以上説明した第4実施形態によれば、上述した各実施形態と同様に、複数のデータにおいて廃棄が発生した場合に、廃棄後のデータにシーケンス番号の振り直しを行うことなく、受信装置200のリオーダリング処理に関する不備を解消することができる。これにより第4実施形態によれば、超高信頼・低遅延通信を実現する上で生じ得る課題を解決することが可能となる。
[第5実施形態]
第5実施形態も、本願発明を5Gシステムに具体的に適用した実施形態の一例である。
まず、第5実施形態について説明する前に、第5実施形態の背景及び意義について説明する。上述した第2〜第4実施形態においては、廃棄通知情報としてMACレイヤの制御情報であるMAC CEを用いている。ここで、廃棄通知情報においては、上述したように、RLCレイヤやPDCPレイヤのシーケンス番号を用いて廃棄されたデータの明示を行っている。

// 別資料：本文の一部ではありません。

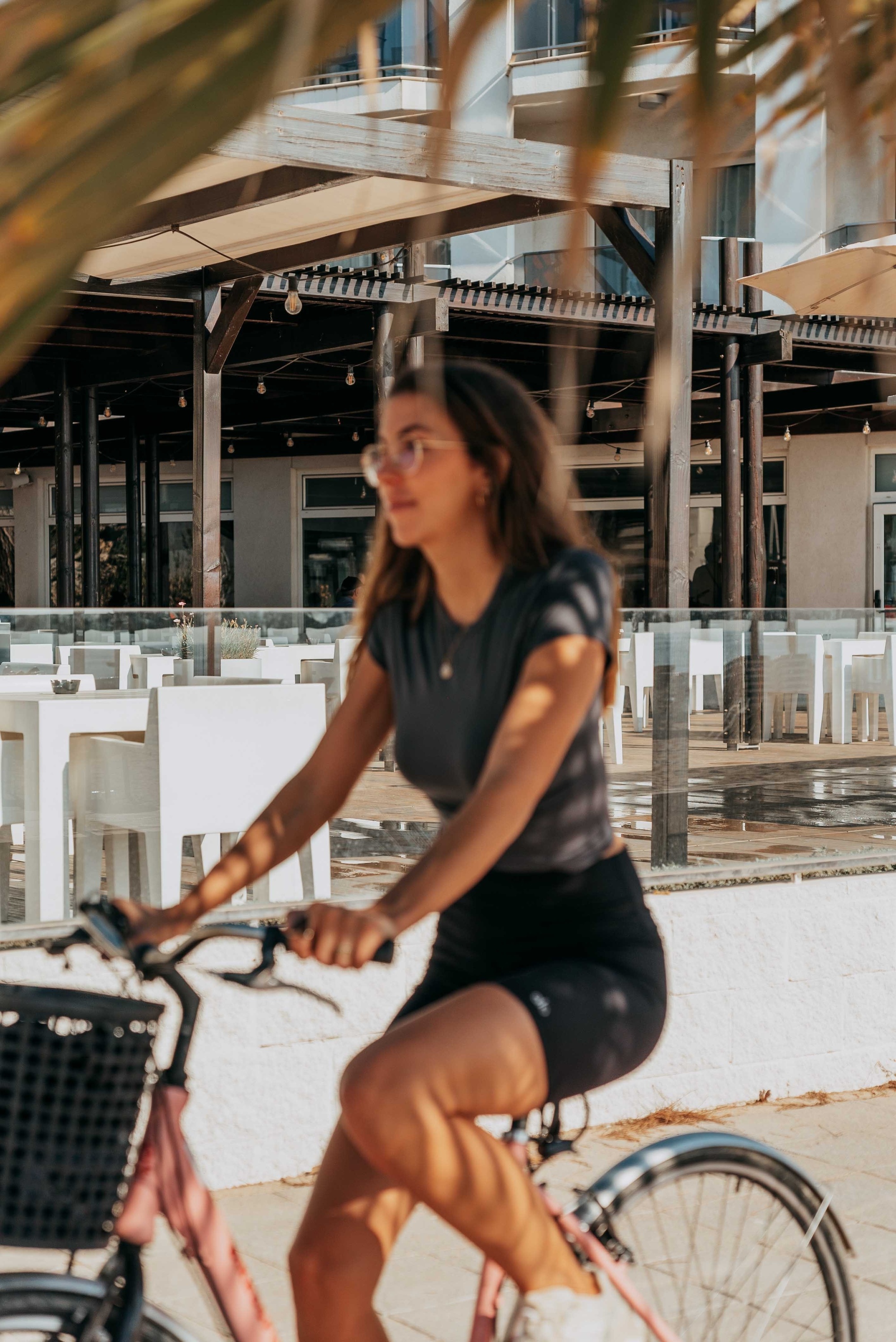 Two golfers, a man and a woman, walk side-by-side across a lush green golf course, both carrying golf bags.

そのため、第2〜第4実施形態においては、送信装置100のMACレイヤが、RLCレイヤやPDCPレイヤの情報(シーケンス番号)を取り扱うことになる。この場合、送信装置100のMACレイヤが、RLCレイヤやPDCPレイヤから情報を教えてもらう必要が生じる。そうしなければ、MACレイヤはMAC CEにRLCレイヤやPDCPレイヤの情報を埋め込むことができないためである。一方、第2〜第4実施形態においては、受信装置200のMACレイヤも、RLCレイヤやPDCPレイヤの情報(シーケンス番号)を取り扱うことになる。この場合、受信装置200のMACレイヤが、RLCレイヤやPDCPレイヤに情報を教える必要が生じる。そうしなければ、RLCレイヤやPDCPレイヤは、廃棄通知情報に基づいてリオーダリングのスキップを行うことができないためである。

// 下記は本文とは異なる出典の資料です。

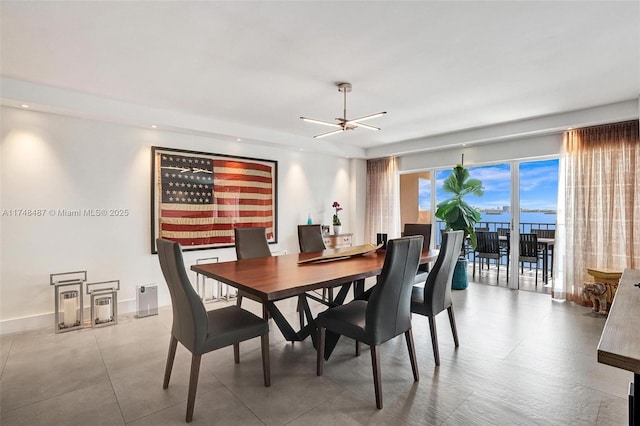 dining area with recessed lighting, a water view, and baseboards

しかしながら、これらのような構成は、標準化におけるクロスレイヤデザインの思想を踏まえると、必ずしも望ましいものとは言えないという側面もあるようにも思われる。すなわち、クロスレイヤデザインの思想によれば、各レイヤが独立して動作することが基本となるが、上記の構成はレイヤ間の独立性が一部で確保されていないようにも思われるためである。したがって、クロスレイヤデザインの思想を踏まえた実施形態も望まれるところである。

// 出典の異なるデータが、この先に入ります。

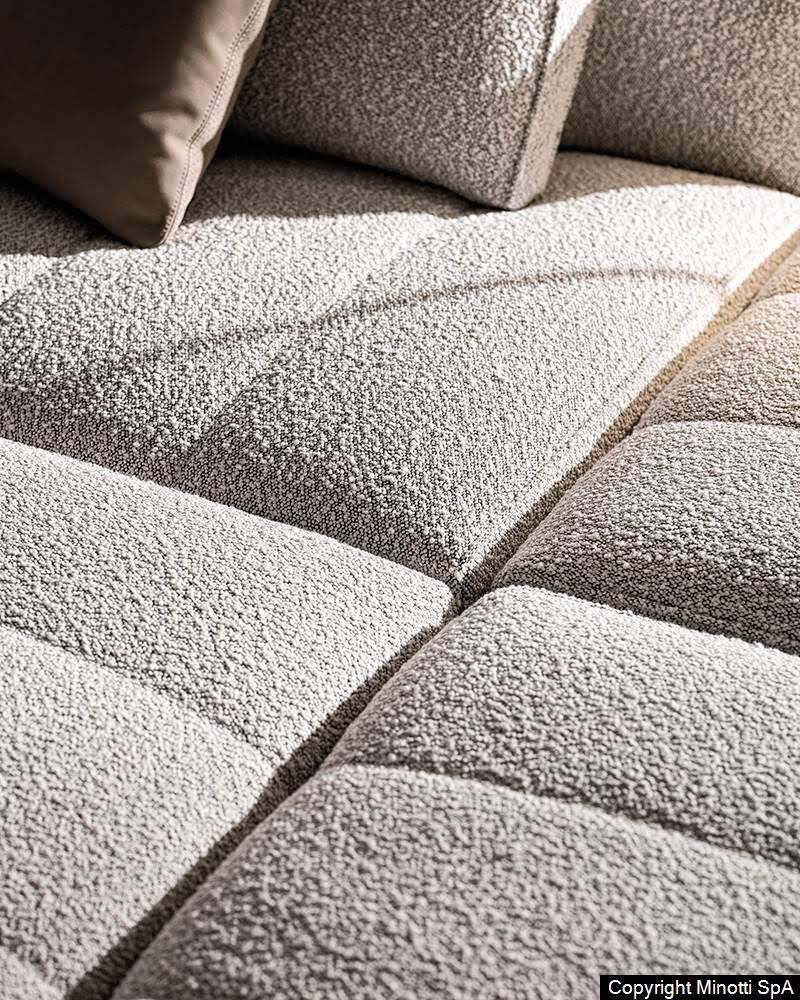 Minotti Goodman bank detail stoffering en stiksels creme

一方、5Gシステムの標準化に関する最新の議論によれば、ダウンリンク通信について、受信装置200である無線端末のRLCレイヤにおけるリオーダリング機能をオンまたはオフすることが検討されている。ここで、RLCレイヤにおけるリオーダリング機能のオンまたはオフは、基地局から無線端末に対して、例えばRRCシグナリングを用いて明示的に指示されることが想定されている。
ここで、仮にRLCレイヤのリオーダリング機能がオンされている場合、受信装置200のRLCレイヤにおいてはリオーダリングが行なわれる。そのため、RLCレイヤのシーケンス番号に欠番が生じていると、上述したリオーダリングにおける不備がRLCレイヤにおいて生じるものと考えられる。さらに、リオーダリングは受信装置200のPDCPレイヤにおいても行われる。そのため、PDCPレイヤのシーケンス番号に欠番が生じていると、上述したリオーダリングにおける不備がPDCPレイヤにおいても生じるものと考えられる。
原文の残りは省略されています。